PLOTTING TO EVANGELISE

Sigh. Non-Christian mates. What to do with them?? As we prepare for Passion for Life, through Revive, through our small groups and through our church meetings, we each have to start plotting how we might turn up to those events with somebody on our arm. After all, having been given about a year’s preparation, it would be pretty lame not to. The problem is – our non-Christian mates don’t know that! Chances are, they’ll be as comfortable saying no to this ‘weird church event’ as they are saying no to all the others. But it’s important… it’s really important! Phil Allcock at Revive gave a great seminar suggesting, first and foremost, that our lack of evangelism is a lack of faith – if we really believed they’d be punished in Hell for all eternity, then of course we’d say something… just as we would if their house was on fire or they were heading over the edge of a cliff. We don’t. Because it might make us look silly. Which is us saying that looking silly is a worse prospect than is the burning in Hell for all eternity thing…

So what to do? Here are my primary ‘targets’, and where my thinking is at with each. I love them all dearly by the way…

Friend A: Media Guy.

He loves London culture and his freedom within it. Raised in a nominally Christian home, he is currently challenged to examine his beliefs, particularly in preparing to raise a child. Even so, he is against any kind of evangelism or profession of certainty, believing anyone’s views to be equally deserving of respect. He has read Dawkins but was not particularly convinced. Has agreed to read Keller as a counter-balance. Is very aware of the change in me over the past couple of years. Respects it but is frustrated by it too. Would really like me to get good and drunk with him and stop taking this whole ‘religion thing’ so seriously!

APPROACH: I will invite him and his wife to a Passion for Life event and they might well accept. In the meantime I’ll get him the Keller book with a view to follow-up discussion. This is a good time to be chatting this stuff through – the prospect of a baby has led to thoughtfulness and self-examination! The key is finding one-on-one time.

Friend B: Disinterested Guy.

He cannot believe that this world comes from nothing and co-incidence. Coming from an Oxbridge PHD scientist that’s exciting. However, neither can he believe there’s ‘some person in the sky we can talk to’. His firmly stated decision is to not think about it. Has pronounced himself ‘impossible to convert to either side’ and has refused to attend any church event.

APPROACH: Conversation is the key, with the aftermath to games of squash generally giving the opportunity. His stance is one likely to soften with time and life experience – realisation of our mortality must surely make us more likely to consider that which we decide ‘not to think about’ for now. The shutters may be down, but the implied theism of the opening sentence above nonetheless offers hope. He is very unlikely to attend Passion for Life so I have to get the gospel in there myself. At least he knows me well enough that he won’t find it too unexpected or bizarre when it happens. Knowing him he will good-naturedly sigh and roll his eyes…

Friend C: Embittered Guy

Whilst a very open, friendly and accepting chap, experience has made him very ‘anti-religion’. He has in adulthood escaped the cult offshoot of Christianity in which he was raised (y’know, the ones who come to your door!) and is thus reluctant to entertain the notion of returning to any version of that lie that left him so isolated and bullied as a youngster. Has since mid-teenagedom been very sexually active and would struggle with the idea of giving it up for even a week. It sounds trivial but we have to accept that, for many in the world, that prospect is a major stumbling block to even allowing themselves to consider Christianity!

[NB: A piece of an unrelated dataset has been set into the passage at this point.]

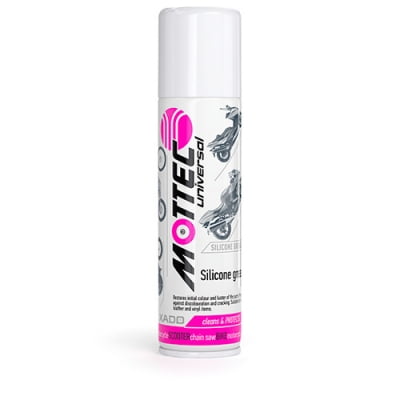 Mottec Silicone lubricant grease Cleans and Protects Bicycle Motorcycle Scooter Chainsaw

APPROACH: Likes experiencing things, and may well come to a Passion for Life event if located in a pub! He will be there with a closed mind – but then I do believe in the Spirit’s ability to open it. Humanly, it’s hard to envisage.

Friend D: The ‘Prospect’

Raised in a Christian home by still-Christian parents, he knows that it was good for him and would like to raise his own kids in the same way. Is therefore willing to be convinced and is often to be found at church events. Even so, the exciting idea that he is ‘on the verge’ of being converted is just not necessarily true. In reality he doesn’t have faith, despite years of witness from friends and family, despite understanding the gospel intellectually and despite wanting to eventually lead a Christian home. For whatever reason, it’s just not happening.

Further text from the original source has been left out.